[quote]Bill Roberts wrote:
Where the president can have a quite substantial effect is in the expectations that businesses have for the future.
If their expectation is that the future is such that if they take the risk of investing capital and expanding their business in some way, if this is successful the profits will be taxed away anyway while if money is lost, that is money lost, then they are not so eager to expand their business.
Imagine you own, say, a few stores and are thinking of building another. Why do it if, should the store lose money, you are out the money, but if it makes money, so much of it will be taxed away that you might as well not do it?
And let’s add in expectations for the future such as being forced to buy health insurance for these employees that would be added, and learning from the CBO that their projection is that the cost of such acceptable-to-the-government insurance will be $15K/year for a family of four.
And expectations of carbon taxes and all kinds of other things.
Versus an alternate “Morning in America” expectation of reduced taxes.
Is this going to have no influence on your decisions?
And then of course there is the direct effect, on higher taxes on employers being implemented, that they now have less money to do anything with.[/quote]
Bill, I guess the point I was trying to make with my last point was that it is the ultimate balance of power that has more effect on the economy than the president himself. A democratic president with a republican majority congress(or vice verse)…good times. The children are tied up in gridlock and can do less harm.
Here is something I have been thinking about of late. Lets say that I hold the purse strings in my home. All cash comes from me. Anyone wants to make a purchase, they have to come to me, make their case and request the money. Lets say they make a good case, but the amount requested represents too much of the current budget. I like it but decide it will have to wait. Maybe we can work together and adjust our spending so that we can make room for the expenditure in the near future.

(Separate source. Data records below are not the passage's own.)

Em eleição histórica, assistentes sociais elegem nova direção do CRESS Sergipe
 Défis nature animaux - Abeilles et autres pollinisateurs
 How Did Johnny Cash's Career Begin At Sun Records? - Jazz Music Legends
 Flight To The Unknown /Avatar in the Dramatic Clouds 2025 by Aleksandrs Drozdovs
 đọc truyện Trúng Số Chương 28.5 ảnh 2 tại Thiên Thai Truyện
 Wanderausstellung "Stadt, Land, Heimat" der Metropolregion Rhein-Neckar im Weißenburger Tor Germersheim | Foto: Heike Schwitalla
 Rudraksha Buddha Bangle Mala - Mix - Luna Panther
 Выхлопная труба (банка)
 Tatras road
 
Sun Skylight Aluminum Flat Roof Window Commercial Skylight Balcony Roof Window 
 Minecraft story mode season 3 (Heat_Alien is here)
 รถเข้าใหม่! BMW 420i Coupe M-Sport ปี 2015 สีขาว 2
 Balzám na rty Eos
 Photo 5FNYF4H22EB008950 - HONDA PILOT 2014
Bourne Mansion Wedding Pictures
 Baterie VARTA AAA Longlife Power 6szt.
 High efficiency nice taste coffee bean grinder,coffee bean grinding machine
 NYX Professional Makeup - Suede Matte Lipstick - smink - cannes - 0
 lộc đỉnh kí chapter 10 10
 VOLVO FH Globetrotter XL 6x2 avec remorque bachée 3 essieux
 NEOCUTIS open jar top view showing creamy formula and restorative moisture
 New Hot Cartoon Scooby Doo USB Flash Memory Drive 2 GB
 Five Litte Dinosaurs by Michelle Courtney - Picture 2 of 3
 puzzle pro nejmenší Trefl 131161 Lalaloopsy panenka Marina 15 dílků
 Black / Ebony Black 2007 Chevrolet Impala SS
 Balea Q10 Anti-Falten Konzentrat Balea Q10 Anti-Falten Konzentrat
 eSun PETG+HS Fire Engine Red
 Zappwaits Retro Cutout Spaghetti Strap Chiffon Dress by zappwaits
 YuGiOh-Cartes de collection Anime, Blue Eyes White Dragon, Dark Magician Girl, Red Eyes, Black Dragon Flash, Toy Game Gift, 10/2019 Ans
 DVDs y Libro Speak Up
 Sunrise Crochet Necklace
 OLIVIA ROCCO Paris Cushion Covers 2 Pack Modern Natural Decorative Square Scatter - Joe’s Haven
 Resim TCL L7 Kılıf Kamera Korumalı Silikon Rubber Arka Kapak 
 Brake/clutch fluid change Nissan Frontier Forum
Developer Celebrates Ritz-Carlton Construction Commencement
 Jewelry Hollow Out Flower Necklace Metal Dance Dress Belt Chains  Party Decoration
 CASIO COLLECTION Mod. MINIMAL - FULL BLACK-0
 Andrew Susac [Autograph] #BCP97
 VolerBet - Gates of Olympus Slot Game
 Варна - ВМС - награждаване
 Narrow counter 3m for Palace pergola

Now lets throw in a wild card. Lets say my wife, unknown to me, gets a credit card. She continues to come to me with the basics. Food, shelter, security, etc, but every now and then she sees a goody that the kids would love. They don’t need it, don’t have to have it, but it sure would be fun and sure would gain a lot of love and affection for good old mom from the kids. She decides to go ahead and put it on the credit card. She borrows the money from somewhere else, rationalizing that when things are flush in the “future” she will pay it back. It gets easier and easier until one day I wake up and realize there is a huge bill that I had not been paying attention to. Times are not flush, and I am having trouble trying to find a way to pay the interest, much less the principle on this credit card along with the basic necessities.
This is probably too basic and not well hashed out, but if our government is allowed to tax for the basic needs (education, national security, etc) and then buy love from their “children” on credit, it can only end badly.
One of Einstein’s most famous quotes was “We cannot solve our problems by using the same level of thinking with which we created them.”
A lot of our problems as a nation began when we started to figure out ways to get things we wanted without directly paying for them through our taxes. We figured out “creative” ways to finance and justify our actions. We have not moved to a higher level of thinking yet. We just keep trying to find another credit card or refinancing.